3 Big Things Today, October 17
1. Crop Futures Little Changed in Overnight Trading Wednesday
Crop futures were little changed overnight as investors weight better harvest weather against strong demand for corn.
The pace of harvest in the U.S. is expected to accelerate due to dry weather in parts of the Corn Belt this week, analysts said.
The soybean harvest was 38% complete as of Sunday, well behind the average for this time of year of 53%. Corn collection, meanwhile, was 39% finished, which is just ahead of the prior five-year average of 35%, the USDA said earlier this week.
Export sales of corn have been going well since the start of the marketing year on September 1.
Accumulated exports since then are up 67% year over year, while commitments for future deliveries have jumped 51%, the USDA said. That compares to commitments from overseas buyers to take U.S. soybeans and wheat, both of which are down 18% on an annual basis.
Soybeans for November delivery were unchanged at $8.84¾ a bushel overnight on the Chicago Board of Trade. Soy meal futures rose 40¢ a short ton, and soy oil gained 0.11¢ to 29.77¢ a pound.
Corn for December delivery rose ¼¢ to $3.75½ a bushel overnight.
Wheat for December delivery dropped 3¼¢ to $5.20¼ a bushel overnight, while Kansas City futures fell 2¾¢ a bushel.
2. U.S. Trade Representative Announces Intentions to Begin Talks with Japan, EU, U.K.
Fresh off making deals with Mexico and Canada, the U.S. Trade Representative notified Congress in three separate letters that it will initiate negotiations with Japan, the European Union, and the U.K.
USTR Robert Lighthizer said in a statement that the U.S. plans to expand trade and investment by negotiation the trade agreements. The trade representative is required by law to notify Congress of its intentions with regard to such agreements.
“We are committed to concluding these negotiations with timely and substantive results for American workers, farmers, ranchers, and businesses,” he said.
Japan was the fourth-largest export market for U.S. agricultural products in 2017, which had a value of $12 billion. The Asian country is the fourth-biggest destination for all U.S. goods and imported $67.6 billion in total, the USTR said.
Still, Lighthizer said in his letter to Congress that exporters have been hit by tariff and nontariff barriers, which has led to “chronic” trade imbalances with Japan. The U.S.’s trade deficit with Japan totaled $68.9 billion last year, but that was mostly unchanged from the prior year.
Lighthizer said pretty much the exact same thing in his letter about the EU, using the word “chronic” to describe trade imbalances
The United Kingdom, meanwhile, isn’t yet able to negotiate formal trade deals until it has formally left the European Union, which is slated for March 29. Still, trade officials from both nations have been working to ensure the U.K.’s departure from the EU next year is seamless in terms of trade.
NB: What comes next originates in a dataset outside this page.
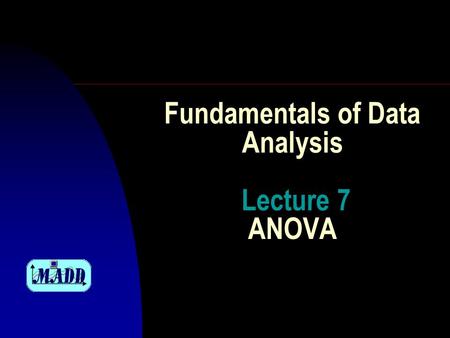 Fundamentals of Data Analysis Lecture 7 ANOVA. Program for today F Analysis of variance; F One factor design; F Many factors design; F Latin square scheme.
U.S. negotiators will formally kick off negotiations with the U.K. on that date, the letter said.
“The United States and the United Kingdom are the first- and fifth-largest economies in the world, respectively, and maintain a broad and deep trade and investment relationship,” Lighthizer said. “An ambitious trade agreement between our two countries could further expand this relationship by removing existing goods and services tariff and nontariff trade barriers and by developing further cutting-edge obligations for emerging sectors where U.S. and U.K. innovators and entrepreneurs are most competitive.”
3. Cold Weather Moves East Into Indiana, Michigan, Ohio; Flooding in Texas
The extreme cold weather that had enveloped much of the central Midwest earlier this week has now moved east into Indiana, Michigan, and Ohio, according to the National Weather Service.
Freeze warnings are in effect for all three states, so those heading out to harvest their fields need to bundle up. Temperatures in the area are expected to drop into the upper 20s and lower 30s by Thursday morning, the NWS said in a report early Wednesday morning..
A frost advisory has been issued for parts of southern Illinois and southern Indiana, as temperatures there are expected to be as low as 31˚F. overnight, the agency said.
Farther south in Texas, flash flood watches are in effect for counties in the middle of the state. Excessive rainfall the past few days has pushed waterways over their banks. At least one person was killed by raging waters.
“Additional showers with moderate to heavy rain on already-saturated ground will produce runoff,” the NWS said. “Lower water crossings and city streets may flood quickly. Creeks and streams may fill or overflow with swiftly flowing water.”